Like most migratory herd animals, Caribou have to keep moving in order to find adequate food, and sometimes they even have to cover very long distances at a time. These animals eat mostly lichens in the winter, when their “green” diet of live plants, leaves of willow and birches, grasses, and sedges become scarce. When residing on rich ground, an adult caribou may eat 5 kilograms of food each day. They are animals well adapted to living in the tundra. They possess fur and skin so thick that they are enabled to wade across extremely frigid rivers while migrating.

3. Habitat and Range

This arctic creature is most commonly thought of as North American, but may also be found in Finland, Norway, and Greenland as well. In Europe, caribou are referred to as “reindeer”, but all caribou and reindeer throughout the world are considered be part of the same species. Today it is estimated that around 950,000 caribou live around the world, many of which are facing multiple threats, especially from the climatic changes that are affecting the Arctic and sub-Arctic regions more so than any area on the earth. These animals are also threatened by population density, predation by wolves and grizzly bears, and disease outbreaks as well. Nonetheless, Caribous’ current conservation status is one of “least concern” in terms of threat of extinction. Although herd sizes are on the decline in many of their native habitats, they are being introduced into more and more places that they have never been seen in the wild before.

2. Behavior

The antlers of the caribou grow more forward than upward and outward, and caribou use them to dig in the snow in winter months. They have large hooves, which they often use as tools for digging into frozen tundra, especially in the harsh northlands. Their hooves must be fairly large, big enough to support these animals’ large bulks on snow and to serve as paddles that can efficiently move them through icy waters. They use their hooves as scoops for digging through the snow as they search for food.

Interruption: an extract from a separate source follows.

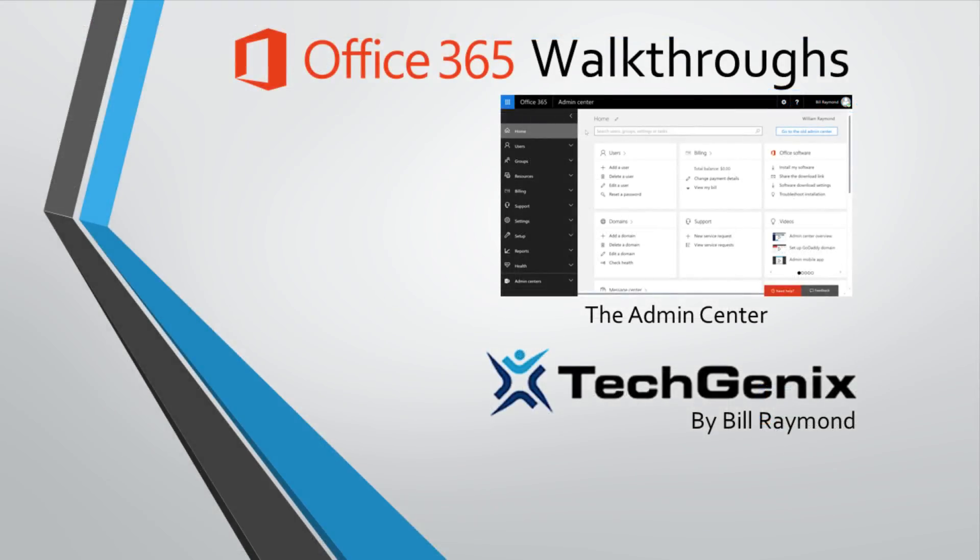Thank you for watching this Office 365 Admin Center walkthrough. As always, if you're watching this on YouTube, we'd really appreciate it if you pressed the like button. Please also feel free to comment in the comment section below.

Sharp hoof edges are very useful for these animals, because they allow them to dig into hard ice and the deeply frozen surfaces of the tundra soils.

1. Reproduction

The mating season for caribou occurs in autumn and the calving season during spring time. More specifically, males fight for access to females. In fact, the most dominant ones are able to collect as many as 15-20 females, in order to mate with. A male stops eating during this time and lose much of its body reserves. The females are ready to give birth in May or June and they usually give birth to one calf. Moreover, caribou are the only deer species, in which both males and females grow antlers. Every year they shed their antlers and the next year they grow new ones.